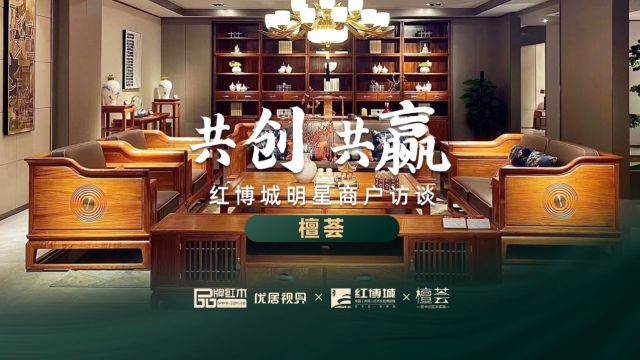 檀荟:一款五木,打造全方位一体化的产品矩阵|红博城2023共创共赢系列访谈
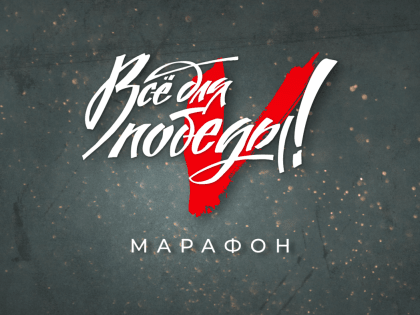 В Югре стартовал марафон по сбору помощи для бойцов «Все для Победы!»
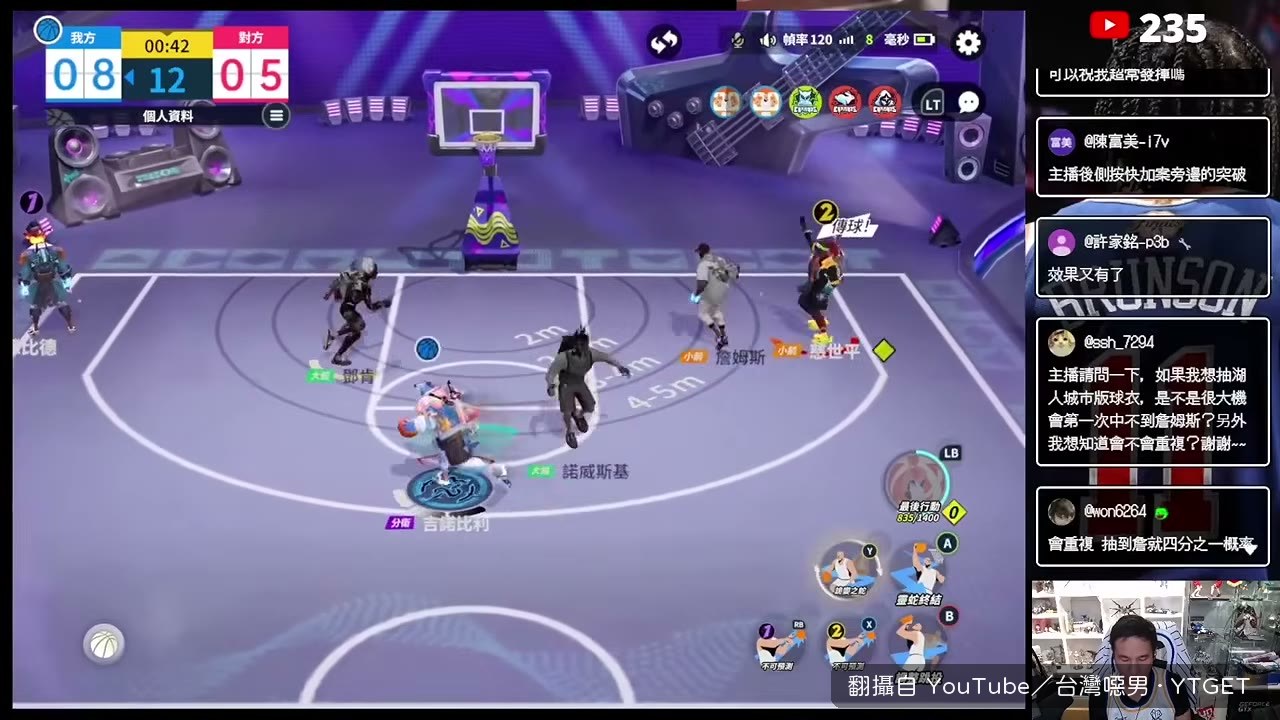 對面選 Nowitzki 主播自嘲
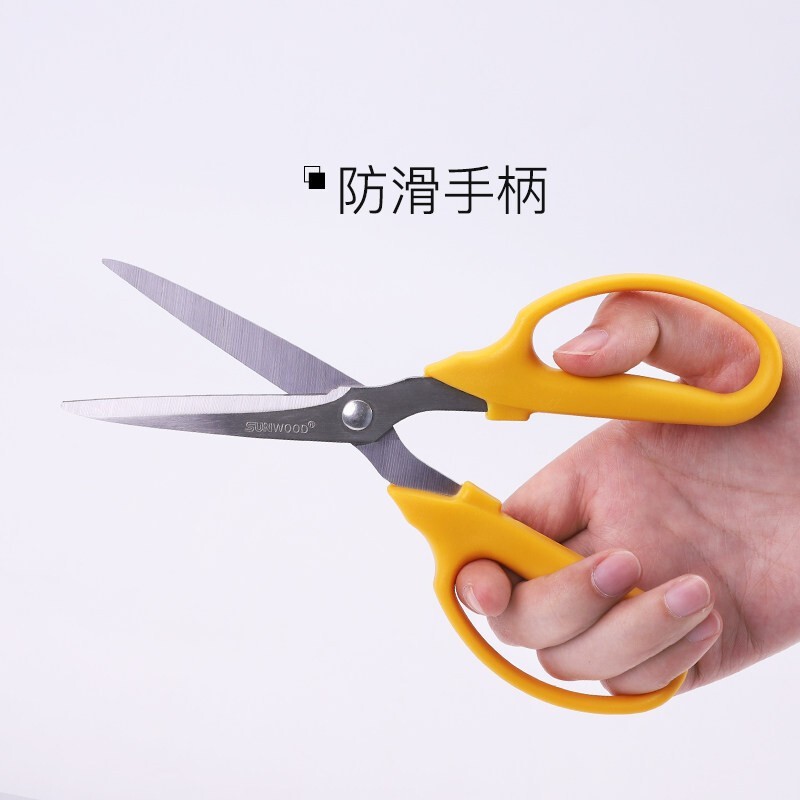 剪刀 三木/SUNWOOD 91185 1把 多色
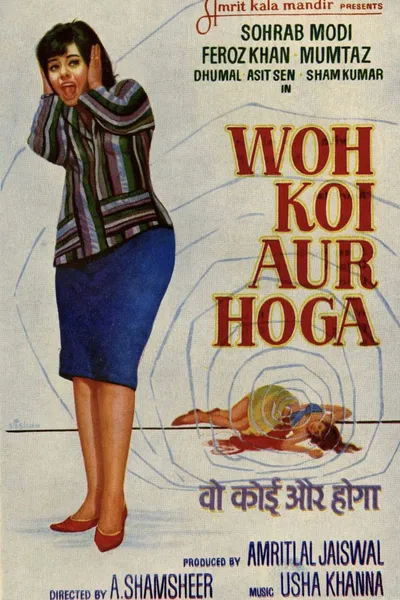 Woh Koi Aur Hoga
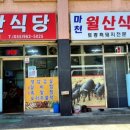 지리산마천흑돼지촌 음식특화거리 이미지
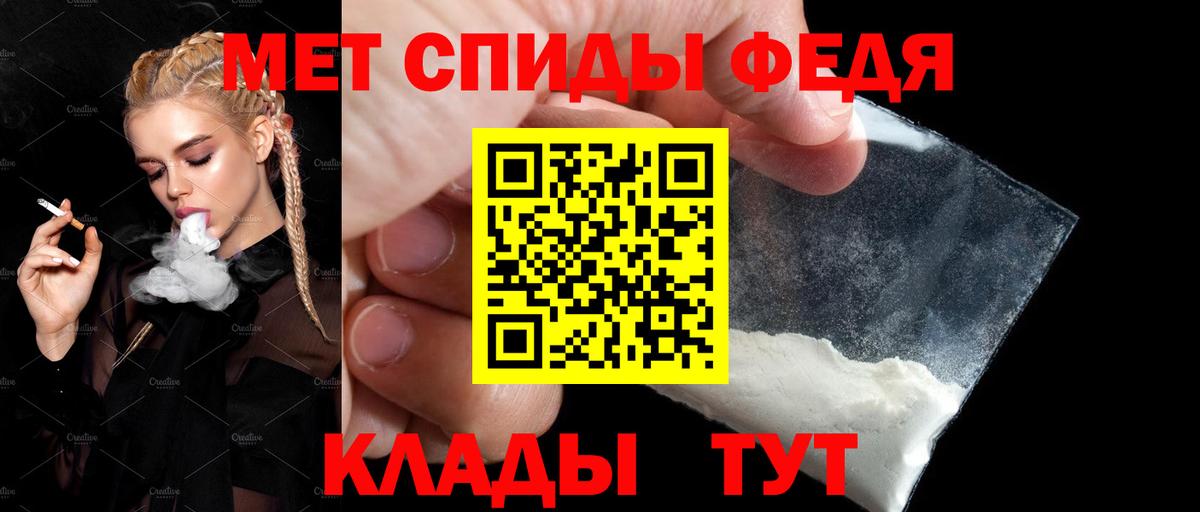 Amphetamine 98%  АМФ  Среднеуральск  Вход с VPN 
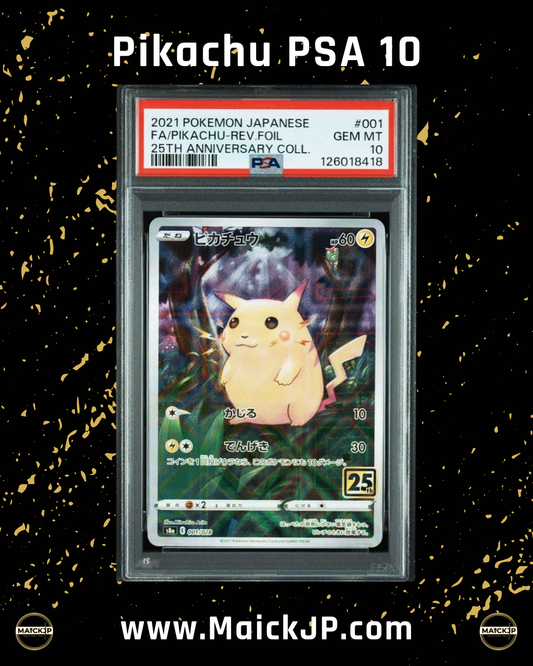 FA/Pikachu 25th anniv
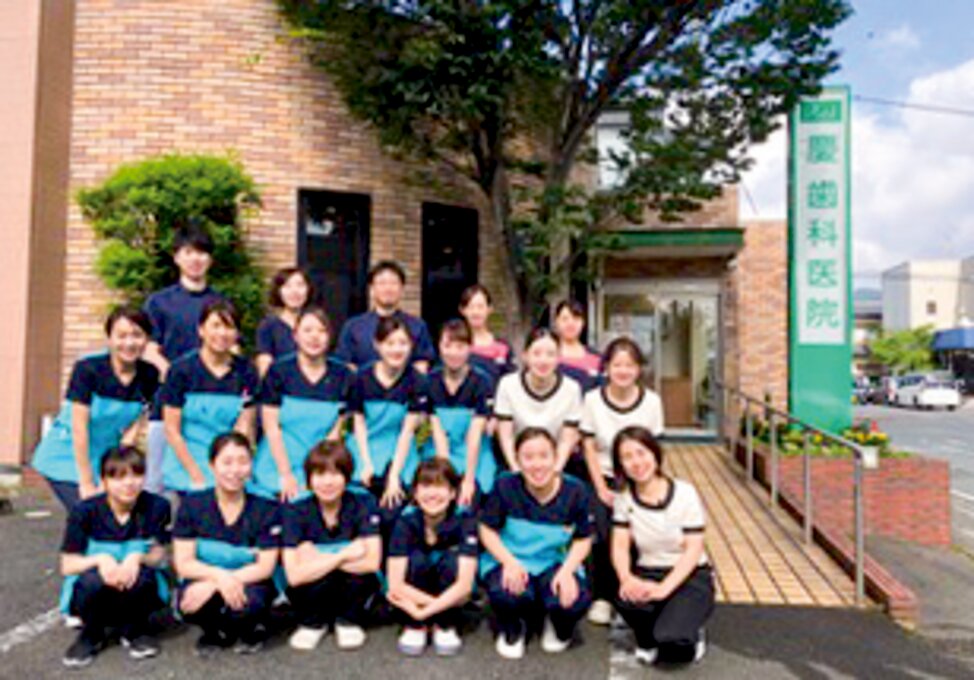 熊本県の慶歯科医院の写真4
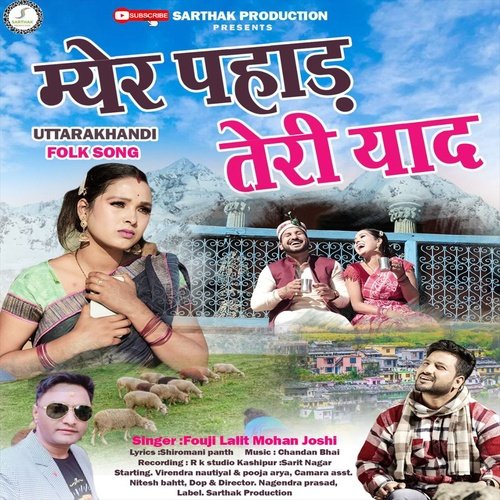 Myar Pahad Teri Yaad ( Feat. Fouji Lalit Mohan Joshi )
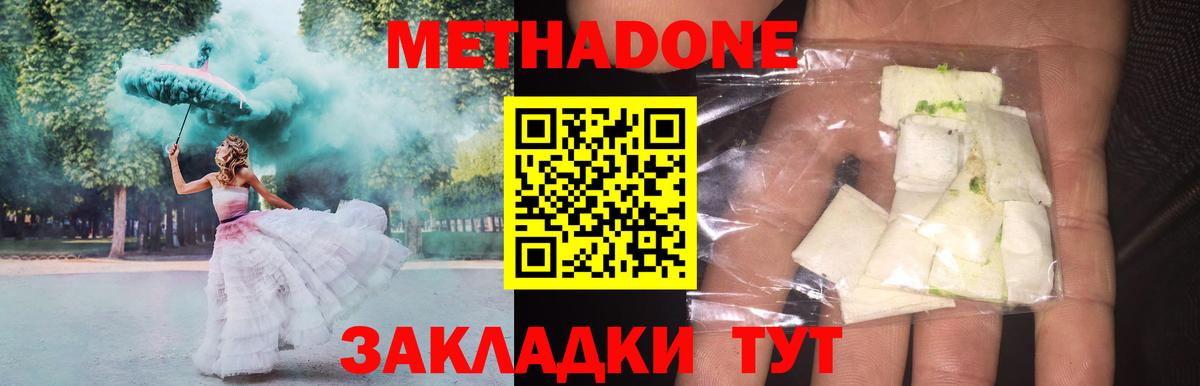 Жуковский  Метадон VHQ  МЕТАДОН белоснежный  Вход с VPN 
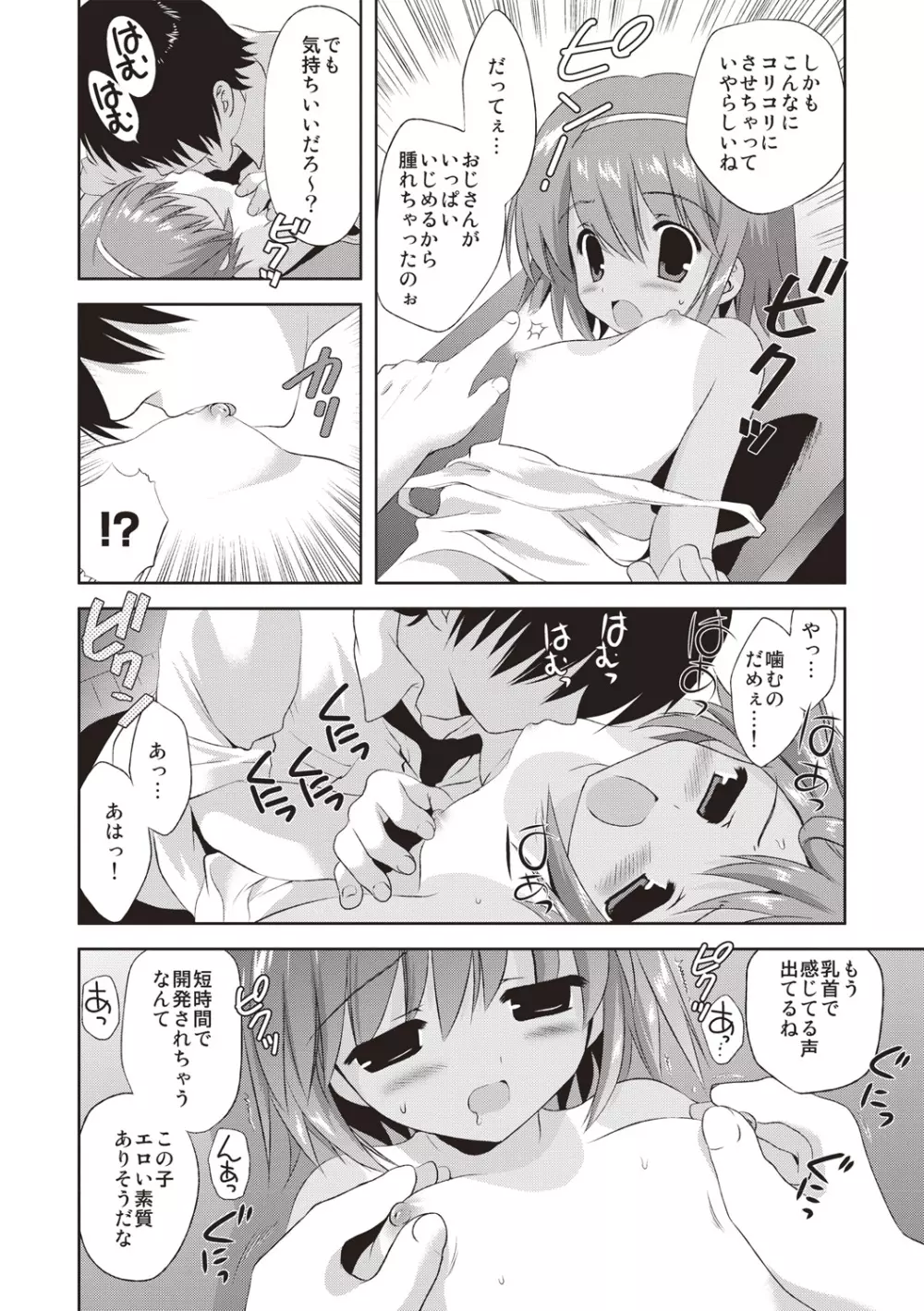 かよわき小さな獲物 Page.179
....
[Required work]:
Everything from the line containing "지리산마천흑돼지촌 음식특화거리 이미지" through the last line of the listing above must be output exactly, except the pictures.

[Reply to the exercise]:
 지리산마천흑돼지촌 음식특화거리 이미지
 Amphetamine 98%  АМФ  Среднеуральск  Вход с VPN 
 FA/Pikachu 25th anniv
 熊本県の慶歯科医院の写真4
 Myar Pahad Teri Yaad ( Feat. Fouji Lalit Mohan Joshi )
 Жуковский  Метадон VHQ  МЕТАДОН белоснежный  Вход с VPN 
 かよわき小さな獲物 Page.179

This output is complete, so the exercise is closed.